For collections of independent random variables, the Chernoff bound and related bounds give us very sharp concentration inequalities --- if $X_1,\ldots,X_n$ are independent, then their sum has a distribution that decays like $e^{-x^2}$. For random variables that are only pairwise independent, the strongest bound we have is Chebyshev's inequality, which says that their sum decays like $\frac{1}{x^2}$.

The point of this post is to construct an equality case for Chebyshev: a collection of pairwise independent random variables whose sum does not satisfy the concentration bound of Chernoff, and instead decays like $\frac{1}{x^2}$.

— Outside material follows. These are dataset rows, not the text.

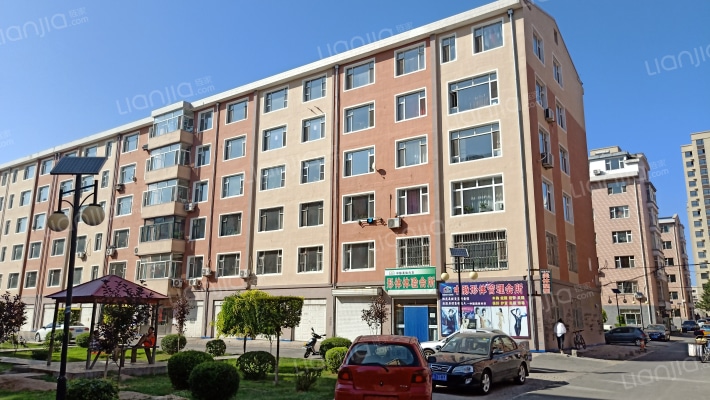 富裕花园外景图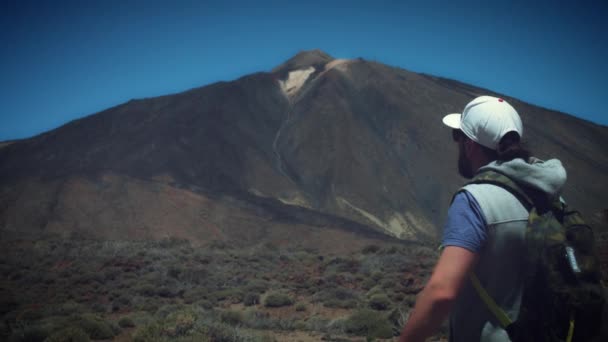 Hombre Turista Mirando Vulcano Lugares Hermosos Tenerife España — Vídeos de Stock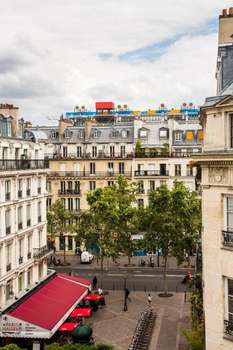 www.hotel-paris-agora.com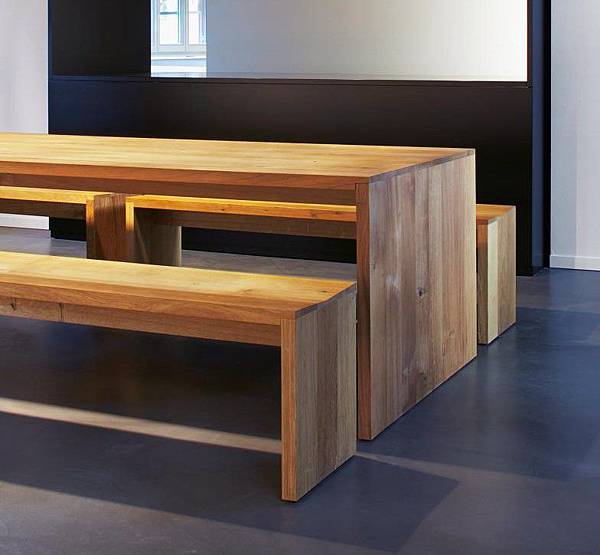 e15 TABLE_PONTE_5.jpg e15 TABLE_PONTE_5.jpg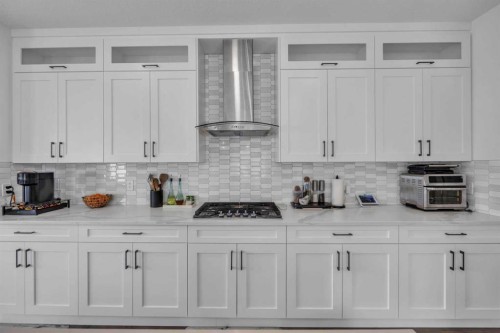 97 Baysprings Gardens Sw, Airdrie, AB - Indoor Photo Showing Kitchen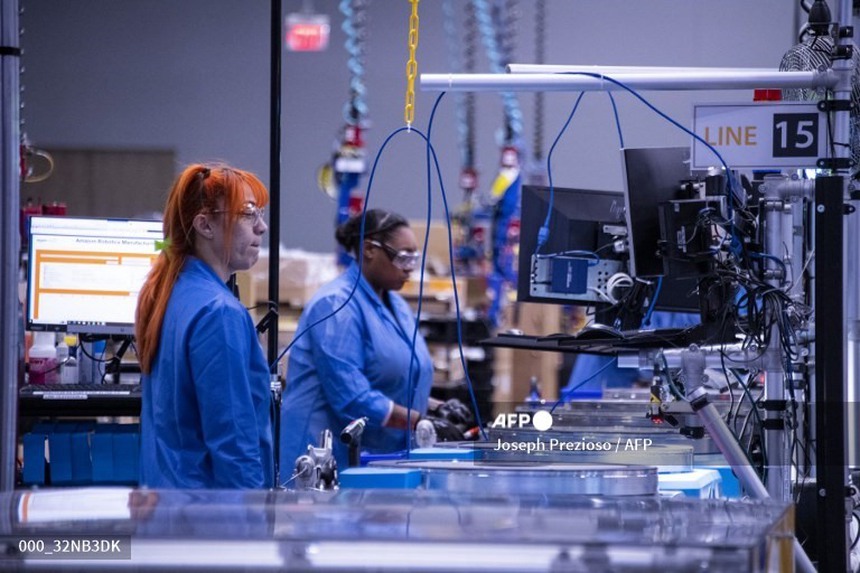 Làn sóng cắt giảm nhân sự toàn cầu chưa có dấu hiệu lắng dịu - Ảnh 3.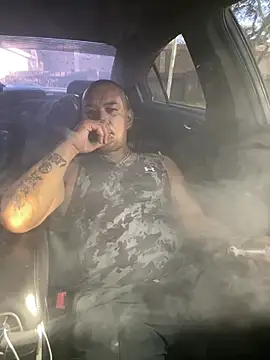 EatMyCake831 online show from 8, 1, 2025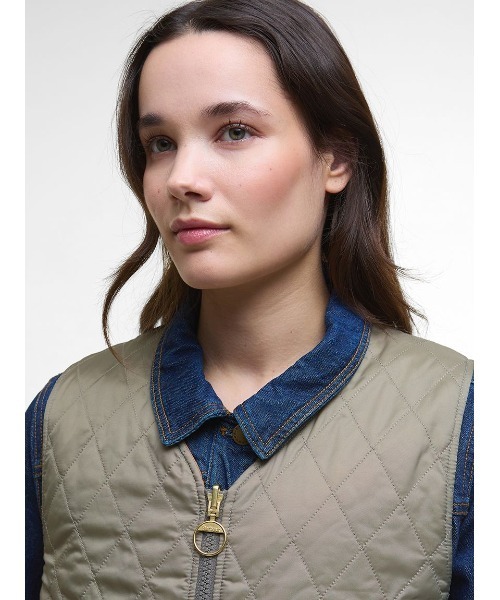 Barbour(バブアー)の「"My Barbour"リバーシブル キルティング ライナー(ベスト・レディース・ベージュ・10/8)」の6枚目の写真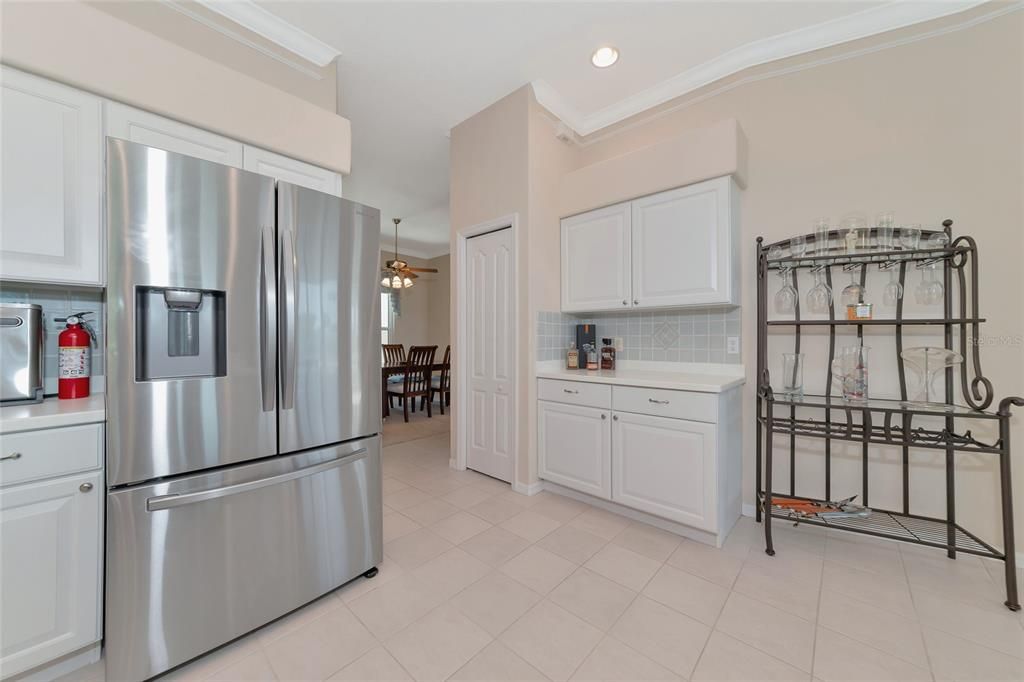 Kitchen pantry & server station nook.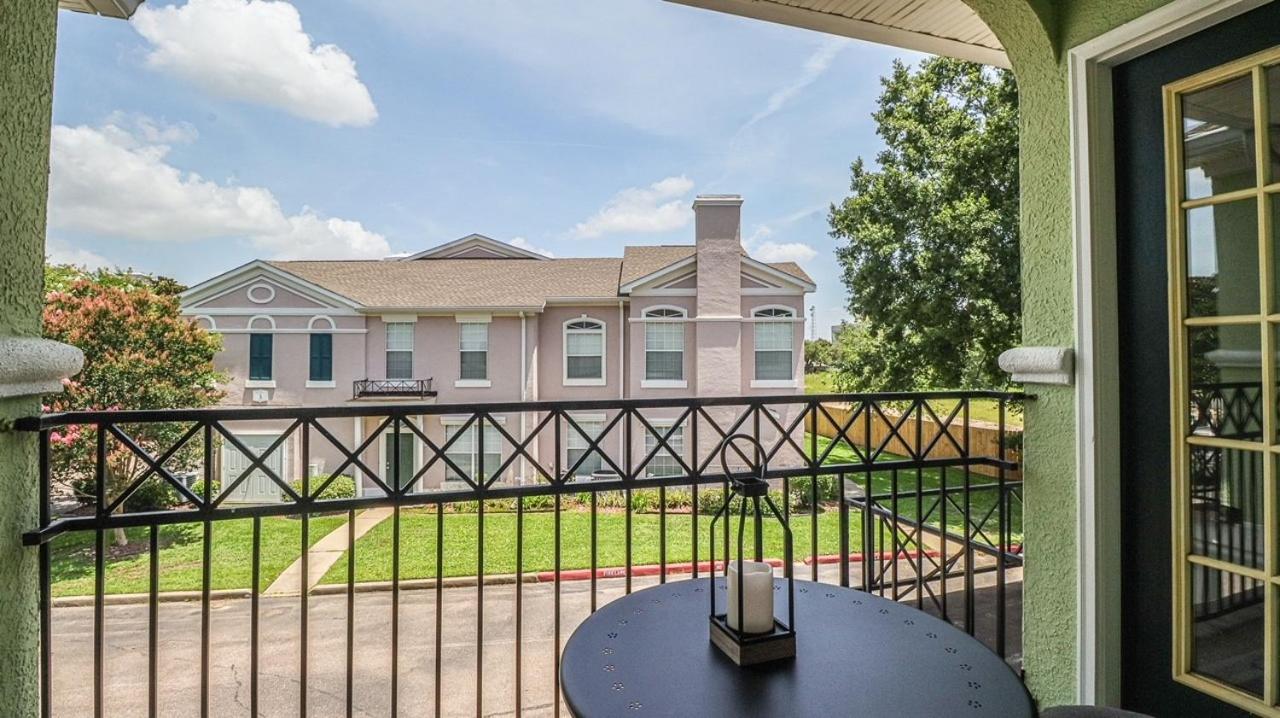 Legacy Villa 203 - 2 bedroom 2 bath with garage in a beachside neighborhood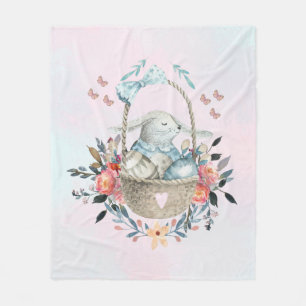 Manta Polar Conejo lindo en una canasta con huevos y flores de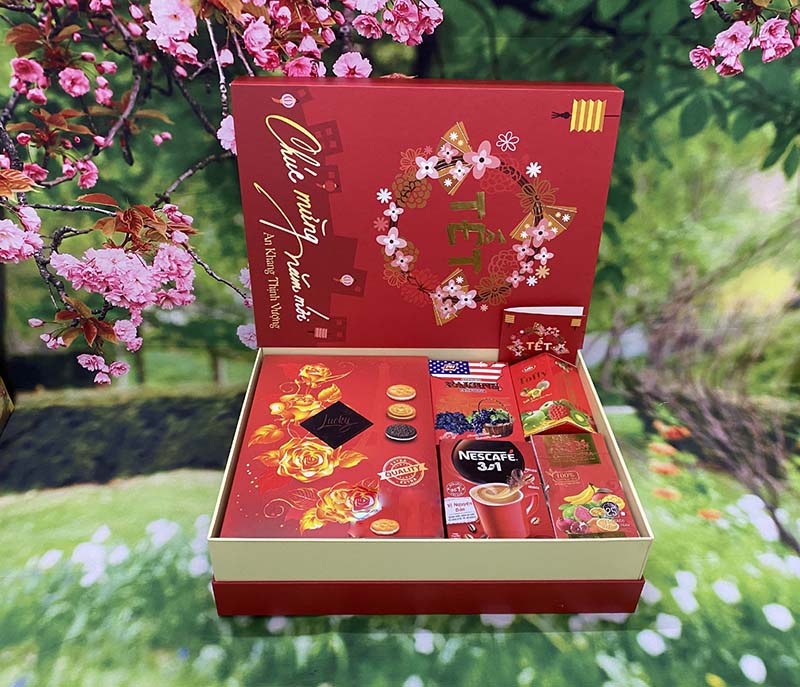 Hộp quà tết 300K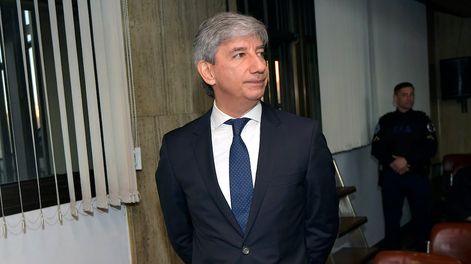 Los Andes | El juez federal Walter Bento ingresando a Tribunales Federales, enfrenta dos instancias. un juicio penal, que arrancó a fines de julio y el proceso por mal desempeño, que comenzó en el Consejo de la Magistratura y desembocó en el Jurado de Enjuiciamiento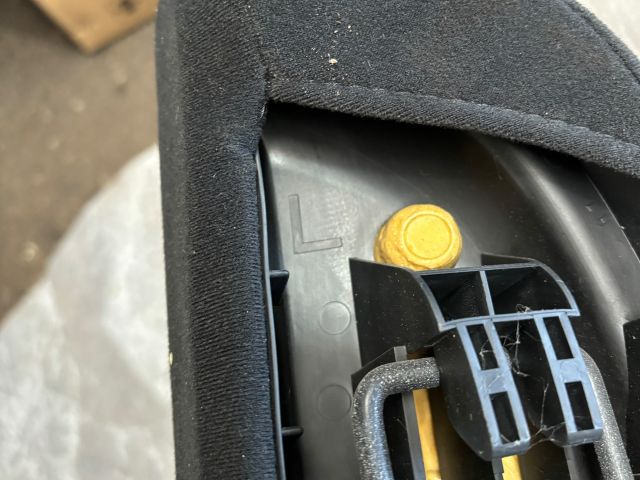 bontott SUBARU LEGACY Bal hátsó Ülés Rögzítő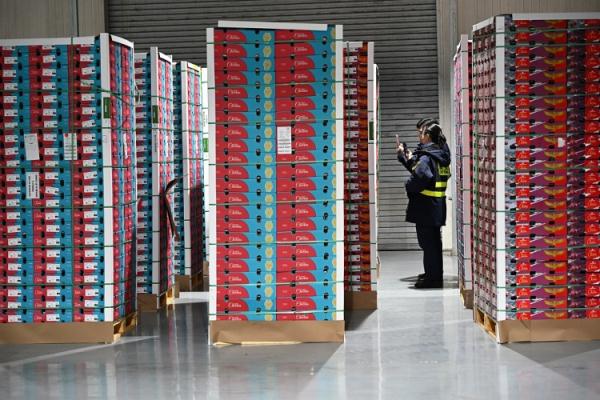 车厘子价格“腰斩”，高端水果何时“自由”？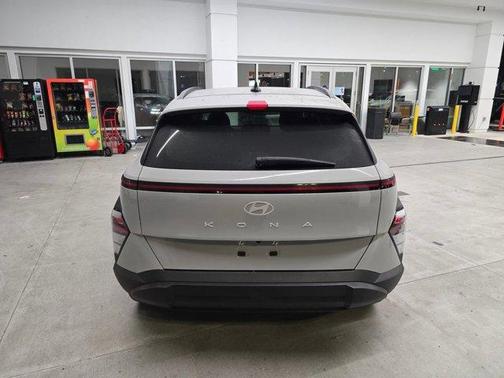 Cyber Gray Metallic 2024 Hyundai KONA SEL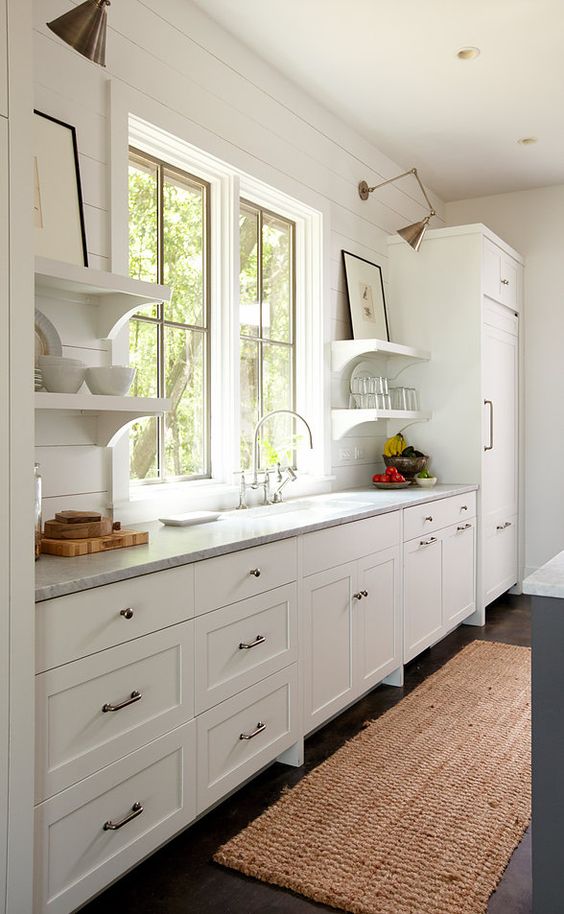 jute runner in kitchen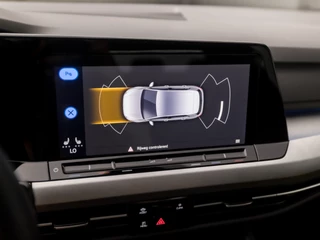 Volkswagen Golf (APPLE CARPLAY, VIRTUAL COCKPIT, GROOT NAVI, KEYLESS, SFEERVERLICHTING, SPORTSTOELEN, STOELVERWARMING, LED KOPLAMPEN, LANE ASSIST, NIEUWSTAAT) - afbeelding nr 17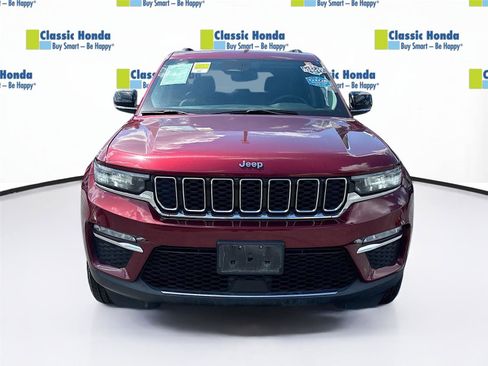 Used 2023 Jeep Grand Cherokee Limited image 2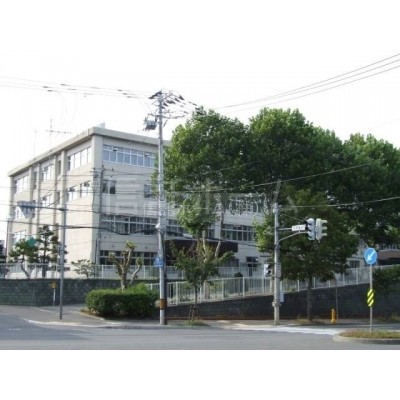 中学校:札幌市立陵陽中学校:557m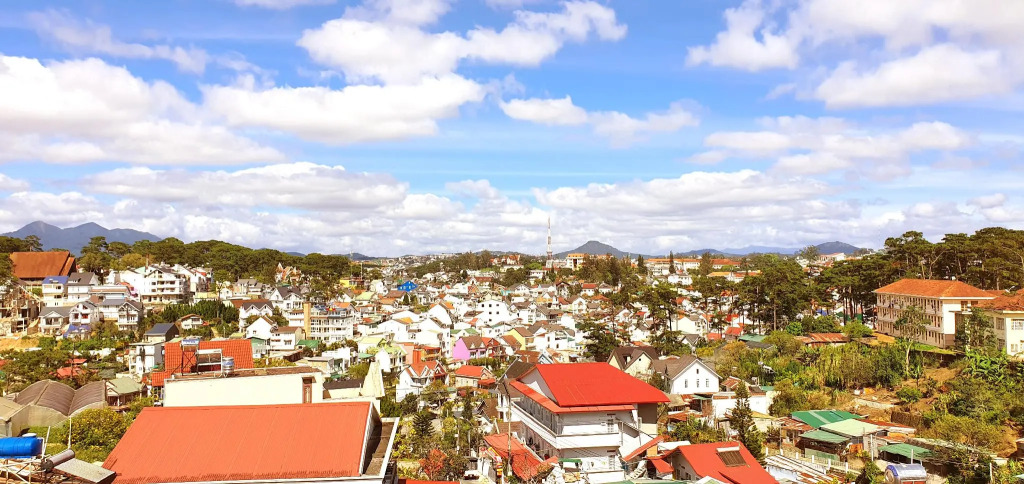 Capital O 1198 Dinh Loan Hotel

The construction is as follows: let $X_1,\ldots,X_d$ be independent binary random variables, and for any $S \subset \{1,\ldots,d\}$, let $Y_S = \sum_{i \in S} X_i$, where the sum is taken mod 2. Then we can easily check that the $Y_S$ are pairwise independent. Now consider the random variable $Z = \sum_{S} Y_S$. If any of the $X_i$ is equal to 1, then we can pair up the $Y_S$ by either adding or removing $i$ from $S$ to get the other element of the pair. If we do this, we see that $Z = 2^{d-1}$ in this case. On the other hand, if all of the $X_i$ are equal to 0, then $Z = 0$ as well. Thus, with probability $\frac{1}{2^d}$, $Z$ deviates from its mean by $2^{d-1}-\frac{1}{2}$, whereas the variance of $Z$ is $2^{d-2}-\frac{1}{4}$. The bound on this probability form Chebyshev is $\frac{2^{d-2}-1/4}{(2^{d-1}-1/2)^2}$, which is very close to $\frac{1}{2^d}$, so this constitutes something very close to the Chebyshev equality case.

Anyways, I just thought this was a cool example that demonstrates the difference between pairwise and full independence.